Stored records
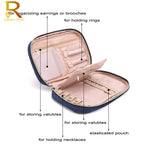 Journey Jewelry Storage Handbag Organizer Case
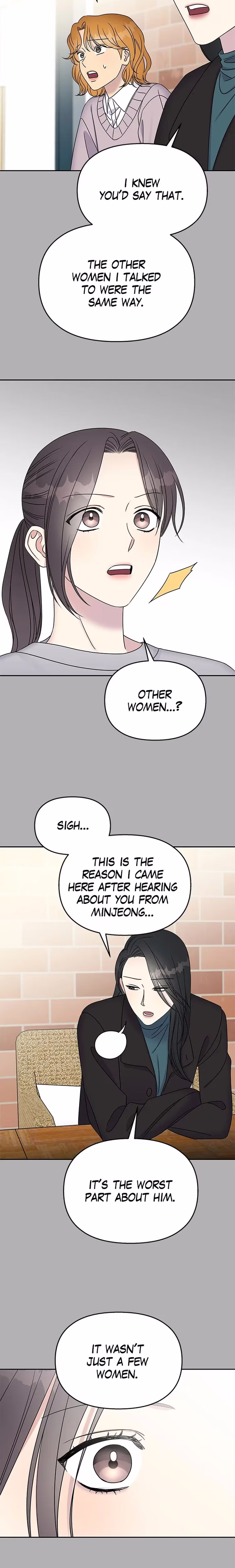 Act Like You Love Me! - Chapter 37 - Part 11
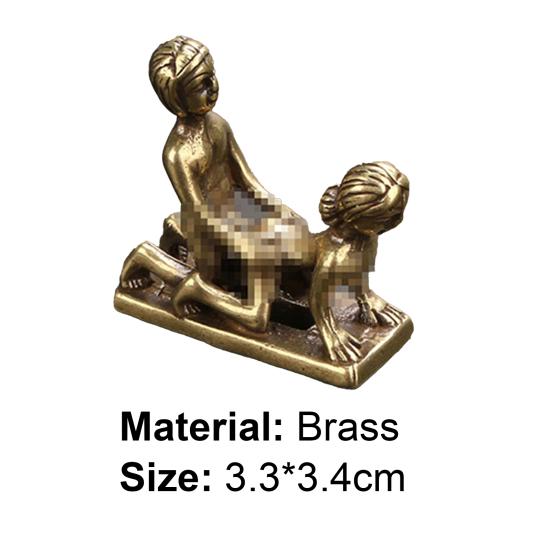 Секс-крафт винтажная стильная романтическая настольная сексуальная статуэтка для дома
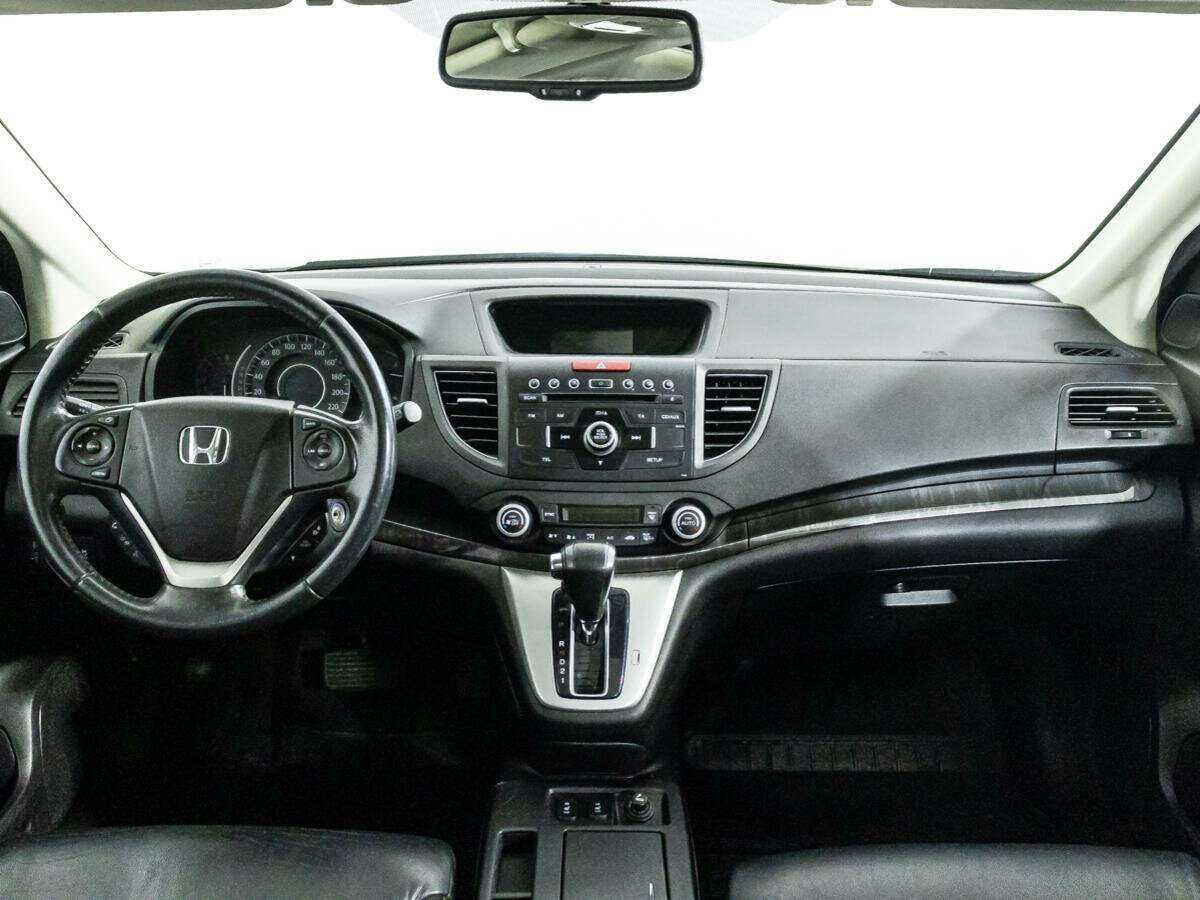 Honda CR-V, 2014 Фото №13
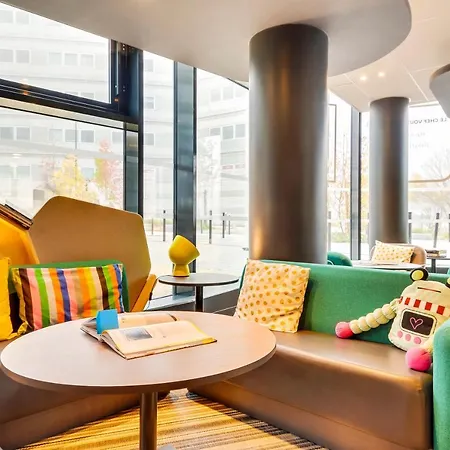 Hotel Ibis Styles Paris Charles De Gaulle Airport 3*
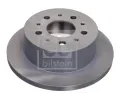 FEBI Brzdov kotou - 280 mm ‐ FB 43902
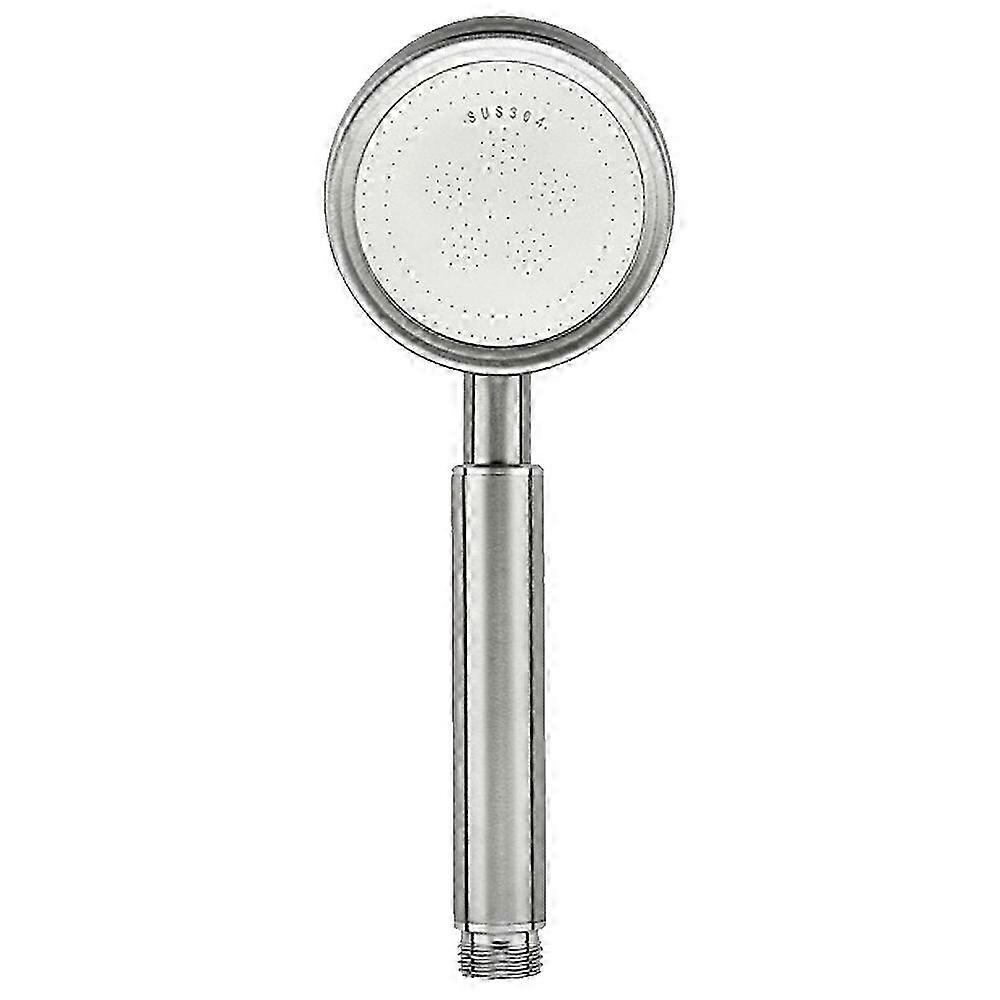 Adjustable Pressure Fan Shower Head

*What the task asks*.
Please output exactly the lines of the data above, from its first line through the line with "Honda CR-V, 2014 Фото №13", and nothing else; drop the pictures.

*Solution to the problem*.
 Journey Jewelry Storage Handbag Organizer Case
 Act Like You Love Me! - Chapter 37 - Part 11
 Секс-крафт винтажная стильная романтическая настольная сексуальная статуэтка для дома
 Honda CR-V, 2014 Фото №13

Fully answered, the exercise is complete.